__Description of the task__
Each entry needs to be restated exactly as written.

── Given records ──

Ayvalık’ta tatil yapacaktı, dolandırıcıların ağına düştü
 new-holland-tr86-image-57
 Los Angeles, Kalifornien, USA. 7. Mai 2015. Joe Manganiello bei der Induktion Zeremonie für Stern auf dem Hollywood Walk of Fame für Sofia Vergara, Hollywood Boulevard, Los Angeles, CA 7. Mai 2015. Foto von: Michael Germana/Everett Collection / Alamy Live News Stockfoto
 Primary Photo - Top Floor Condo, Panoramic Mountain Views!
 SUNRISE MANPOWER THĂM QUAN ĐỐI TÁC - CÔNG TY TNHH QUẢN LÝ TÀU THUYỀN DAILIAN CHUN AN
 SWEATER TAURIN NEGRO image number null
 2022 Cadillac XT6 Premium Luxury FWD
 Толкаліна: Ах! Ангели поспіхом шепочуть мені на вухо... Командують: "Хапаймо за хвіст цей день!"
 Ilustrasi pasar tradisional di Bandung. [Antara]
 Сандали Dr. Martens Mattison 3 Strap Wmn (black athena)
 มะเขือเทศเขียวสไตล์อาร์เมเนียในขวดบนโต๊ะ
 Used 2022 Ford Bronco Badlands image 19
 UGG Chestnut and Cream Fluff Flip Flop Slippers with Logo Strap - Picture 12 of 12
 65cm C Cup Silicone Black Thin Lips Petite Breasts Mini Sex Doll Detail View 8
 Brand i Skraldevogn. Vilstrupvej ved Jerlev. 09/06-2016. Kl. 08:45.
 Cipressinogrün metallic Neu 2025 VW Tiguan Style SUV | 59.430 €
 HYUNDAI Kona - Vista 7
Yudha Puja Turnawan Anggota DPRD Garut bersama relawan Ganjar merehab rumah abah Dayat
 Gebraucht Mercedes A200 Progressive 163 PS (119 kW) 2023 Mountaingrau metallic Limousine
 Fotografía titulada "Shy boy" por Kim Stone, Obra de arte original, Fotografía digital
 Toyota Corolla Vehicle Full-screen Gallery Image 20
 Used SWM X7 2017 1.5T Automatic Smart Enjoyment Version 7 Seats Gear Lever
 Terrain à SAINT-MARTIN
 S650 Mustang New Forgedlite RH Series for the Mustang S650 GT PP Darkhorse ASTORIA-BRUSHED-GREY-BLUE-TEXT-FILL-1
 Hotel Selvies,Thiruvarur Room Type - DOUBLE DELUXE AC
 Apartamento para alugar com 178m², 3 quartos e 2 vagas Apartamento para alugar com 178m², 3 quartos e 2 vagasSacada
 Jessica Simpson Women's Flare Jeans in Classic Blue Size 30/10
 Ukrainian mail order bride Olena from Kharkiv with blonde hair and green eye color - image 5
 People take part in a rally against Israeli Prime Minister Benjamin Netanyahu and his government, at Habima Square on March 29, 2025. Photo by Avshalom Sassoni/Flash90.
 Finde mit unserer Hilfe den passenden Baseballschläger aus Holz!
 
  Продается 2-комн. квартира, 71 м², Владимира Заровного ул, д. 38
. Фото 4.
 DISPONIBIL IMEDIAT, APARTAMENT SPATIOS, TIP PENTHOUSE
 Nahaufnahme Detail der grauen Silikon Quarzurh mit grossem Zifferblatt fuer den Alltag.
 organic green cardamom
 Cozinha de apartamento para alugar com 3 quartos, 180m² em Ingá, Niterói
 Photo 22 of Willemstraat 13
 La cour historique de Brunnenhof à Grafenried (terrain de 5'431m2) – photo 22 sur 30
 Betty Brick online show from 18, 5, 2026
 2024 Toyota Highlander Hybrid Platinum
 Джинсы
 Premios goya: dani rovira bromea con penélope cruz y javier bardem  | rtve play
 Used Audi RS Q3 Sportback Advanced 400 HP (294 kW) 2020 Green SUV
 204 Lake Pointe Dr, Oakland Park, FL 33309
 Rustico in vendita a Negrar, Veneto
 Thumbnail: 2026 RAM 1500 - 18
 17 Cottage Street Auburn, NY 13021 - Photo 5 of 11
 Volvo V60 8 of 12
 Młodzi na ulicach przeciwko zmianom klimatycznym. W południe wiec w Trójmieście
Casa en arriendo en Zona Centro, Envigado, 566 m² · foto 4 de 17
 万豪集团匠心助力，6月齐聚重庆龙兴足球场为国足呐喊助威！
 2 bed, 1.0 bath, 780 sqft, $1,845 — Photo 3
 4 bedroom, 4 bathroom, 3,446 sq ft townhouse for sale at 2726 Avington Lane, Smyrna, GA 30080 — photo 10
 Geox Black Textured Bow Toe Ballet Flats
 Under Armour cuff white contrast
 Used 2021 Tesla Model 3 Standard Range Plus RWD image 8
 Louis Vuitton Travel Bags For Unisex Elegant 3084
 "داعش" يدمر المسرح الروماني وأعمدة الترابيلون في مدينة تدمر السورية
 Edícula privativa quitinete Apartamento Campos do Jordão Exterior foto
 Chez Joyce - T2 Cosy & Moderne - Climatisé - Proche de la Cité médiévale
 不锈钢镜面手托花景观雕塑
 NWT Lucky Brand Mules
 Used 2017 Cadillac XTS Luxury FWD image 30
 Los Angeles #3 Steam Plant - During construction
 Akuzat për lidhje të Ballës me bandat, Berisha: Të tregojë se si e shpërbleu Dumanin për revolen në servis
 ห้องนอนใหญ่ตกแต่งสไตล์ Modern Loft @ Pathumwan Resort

───

__Result of this task__
Ayvalık’ta tatil yapacaktı, dolandırıcıların ağına düştü
 new-holland-tr86-image-57
 Los Angeles, Kalifornien, USA. 7. Mai 2015. Joe Manganiello bei der Induktion Zeremonie für Stern auf dem Hollywood Walk of Fame für Sofia Vergara, Hollywood Boulevard, Los Angeles, CA 7. Mai 2015. Foto von: Michael Germana/Everett Collection / Alamy Live News Stockfoto
 Primary Photo - Top Floor Condo, Panoramic Mountain Views!
 SUNRISE MANPOWER THĂM QUAN ĐỐI TÁC - CÔNG TY TNHH QUẢN LÝ TÀU THUYỀN DAILIAN CHUN AN
 SWEATER TAURIN NEGRO image number null
 2022 Cadillac XT6 Premium Luxury FWD
 Толкаліна: Ах! Ангели поспіхом шепочуть мені на вухо... Командують: "Хапаймо за хвіст цей день!"
 Ilustrasi pasar tradisional di Bandung. [Antara]
 Сандали Dr. Martens Mattison 3 Strap Wmn (black athena)
 มะเขือเทศเขียวสไตล์อาร์เมเนียในขวดบนโต๊ะ
 Used 2022 Ford Bronco Badlands image 19
 UGG Chestnut and Cream Fluff Flip Flop Slippers with Logo Strap - Picture 12 of 12
 65cm C Cup Silicone Black Thin Lips Petite Breasts Mini Sex Doll Detail View 8
 Brand i Skraldevogn. Vilstrupvej ved Jerlev. 09/06-2016. Kl. 08:45.
 Cipressinogrün metallic Neu 2025 VW Tiguan Style SUV | 59.430 €
 HYUNDAI Kona - Vista 7
Yudha Puja Turnawan Anggota DPRD Garut bersama relawan Ganjar merehab rumah abah Dayat
 Gebraucht Mercedes A200 Progressive 163 PS (119 kW) 2023 Mountaingrau metallic Limousine
 Fotografía titulada "Shy boy" por Kim Stone, Obra de arte original, Fotografía digital
 Toyota Corolla Vehicle Full-screen Gallery Image 20
 Used SWM X7 2017 1.5T Automatic Smart Enjoyment Version 7 Seats Gear Lever
 Terrain à SAINT-MARTIN
 S650 Mustang New Forgedlite RH Series for the Mustang S650 GT PP Darkhorse ASTORIA-BRUSHED-GREY-BLUE-TEXT-FILL-1
 Hotel Selvies,Thiruvarur Room Type - DOUBLE DELUXE AC
 Apartamento para alugar com 178m², 3 quartos e 2 vagas Apartamento para alugar com 178m², 3 quartos e 2 vagasSacada
 Jessica Simpson Women's Flare Jeans in Classic Blue Size 30/10
 Ukrainian mail order bride Olena from Kharkiv with blonde hair and green eye color - image 5
 People take part in a rally against Israeli Prime Minister Benjamin Netanyahu and his government, at Habima Square on March 29, 2025. Photo by Avshalom Sassoni/Flash90.
 Finde mit unserer Hilfe den passenden Baseballschläger aus Holz!
 
  Продается 2-комн. квартира, 71 м², Владимира Заровного ул, д. 38
. Фото 4.
 DISPONIBIL IMEDIAT, APARTAMENT SPATIOS, TIP PENTHOUSE
 Nahaufnahme Detail der grauen Silikon Quarzurh mit grossem Zifferblatt fuer den Alltag.
 organic green cardamom
 Cozinha de apartamento para alugar com 3 quartos, 180m² em Ingá, Niterói
 Photo 22 of Willemstraat 13
 La cour historique de Brunnenhof à Grafenried (terrain de 5'431m2) – photo 22 sur 30
 Betty Brick online show from 18, 5, 2026
 2024 Toyota Highlander Hybrid Platinum
 Джинсы
 Premios goya: dani rovira bromea con penélope cruz y javier bardem  | rtve play
 Used Audi RS Q3 Sportback Advanced 400 HP (294 kW) 2020 Green SUV
 204 Lake Pointe Dr, Oakland Park, FL 33309
 Rustico in vendita a Negrar, Veneto
 Thumbnail: 2026 RAM 1500 - 18
 17 Cottage Street Auburn, NY 13021 - Photo 5 of 11
 Volvo V60 8 of 12
 Młodzi na ulicach przeciwko zmianom klimatycznym. W południe wiec w Trójmieście
Casa en arriendo en Zona Centro, Envigado, 566 m² · foto 4 de 17
 万豪集团匠心助力，6月齐聚重庆龙兴足球场为国足呐喊助威！
 2 bed, 1.0 bath, 780 sqft, $1,845 — Photo 3
 4 bedroom, 4 bathroom, 3,446 sq ft townhouse for sale at 2726 Avington Lane, Smyrna, GA 30080 — photo 10
 Geox Black Textured Bow Toe Ballet Flats
 Under Armour cuff white contrast
 Used 2021 Tesla Model 3 Standard Range Plus RWD image 8
 Louis Vuitton Travel Bags For Unisex Elegant 3084
 "داعش" يدمر المسرح الروماني وأعمدة الترابيلون في مدينة تدمر السورية
 Edícula privativa quitinete Apartamento Campos do Jordão Exterior foto
 Chez Joyce - T2 Cosy & Moderne - Climatisé - Proche de la Cité médiévale
 不锈钢镜面手托花景观雕塑
 NWT Lucky Brand Mules
 Used 2017 Cadillac XTS Luxury FWD image 30
 Los Angeles #3 Steam Plant - During construction
 Akuzat për lidhje të Ballës me bandat, Berisha: Të tregojë se si e shpërbleu Dumanin për revolen në servis
 ห้องนอนใหญ่ตกแต่งสไตล์ Modern Loft @ Pathumwan Resort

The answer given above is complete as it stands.